PROBLEM DESCRIPTION:
Apart from the images, repeat the data below exactly as written.

AVAILABLE DATA:
──────
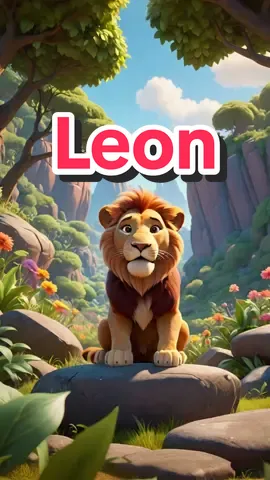 Das ist für Leon 💫. Schick uns den Namen deines Kindes und wir schreiben eine schöne Geschichte für es ❤️ . . . .   #Löwe #Herz #Dschungel #Mut #freundschaft #deutschland #germany #family #foryou #foryoupage #explore #trending #fyp 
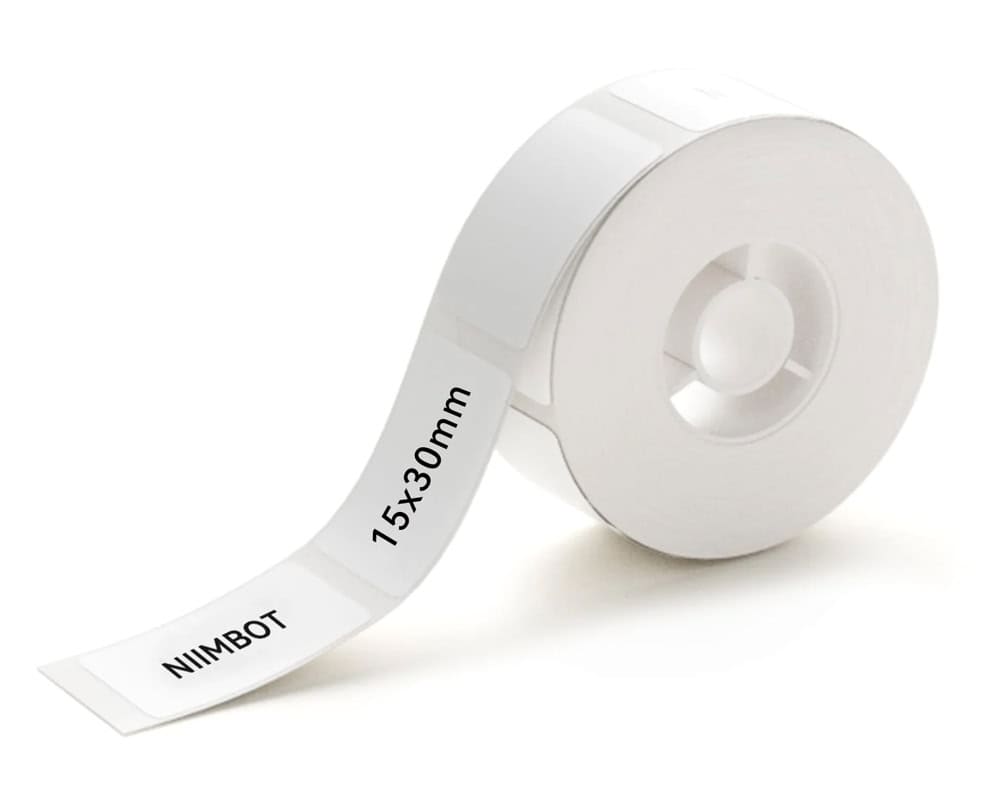 T15X30-210-WH NIIMBOT ρολό θερμικών αυτοκόλλητων ετικετών T15X30-210-WH, 15x30mm, 210 ετικέτες, λευκό - Image 1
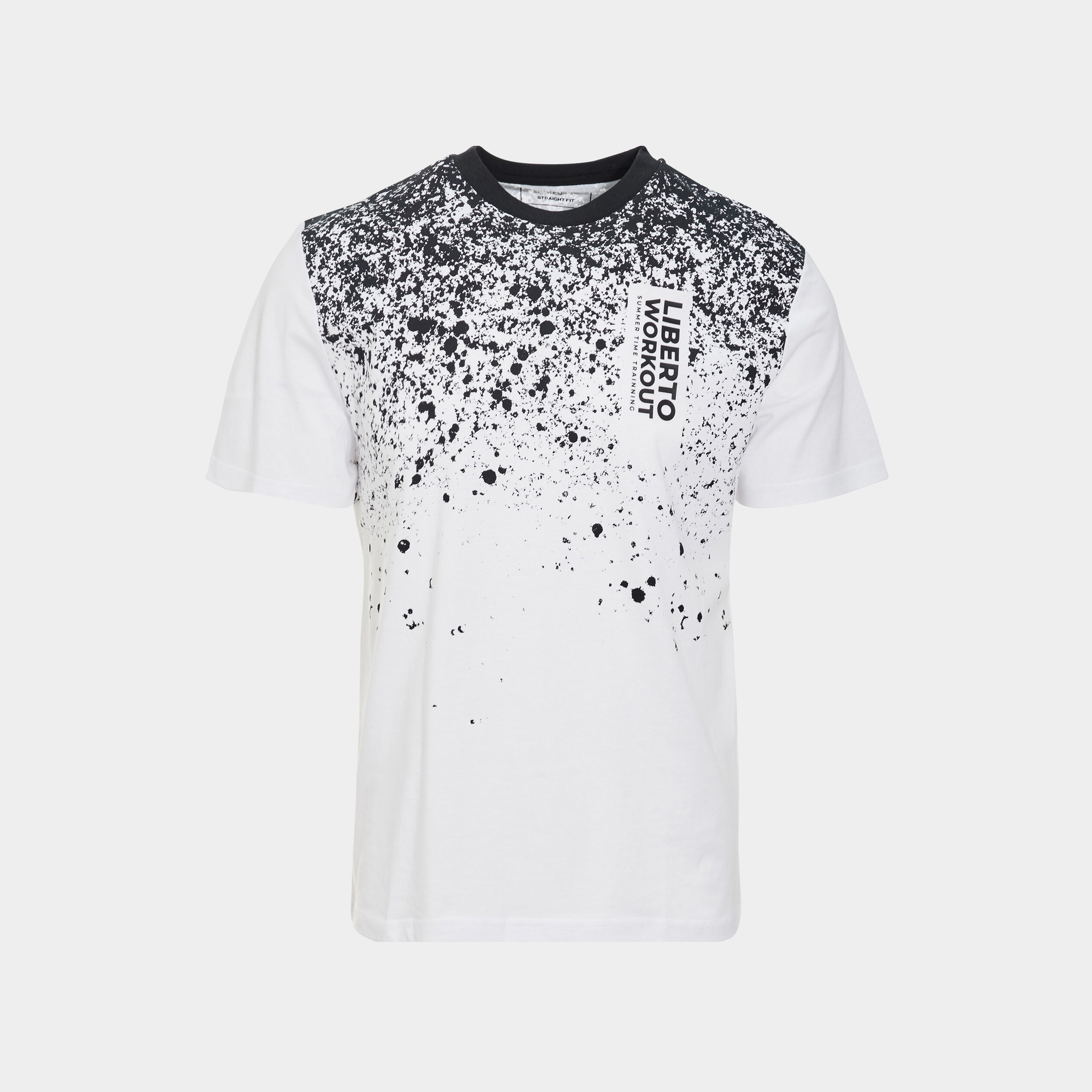 T-shirt manches courtes Liberto blanc homme | La Halle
──────
FINAL ANSWER:
 Das ist für Leon 💫. Schick uns den Namen deines Kindes und wir schreiben eine schöne Geschichte für es ❤️ . . . .   #Löwe #Herz #Dschungel #Mut #freundschaft #deutschland #germany #family #foryou #foryoupage #explore #trending #fyp 
 T15X30-210-WH NIIMBOT ρολό θερμικών αυτοκόλλητων ετικετών T15X30-210-WH, 15x30mm, 210 ετικέτες, λευκό - Image 1
 T-shirt manches courtes Liberto blanc homme | La Halle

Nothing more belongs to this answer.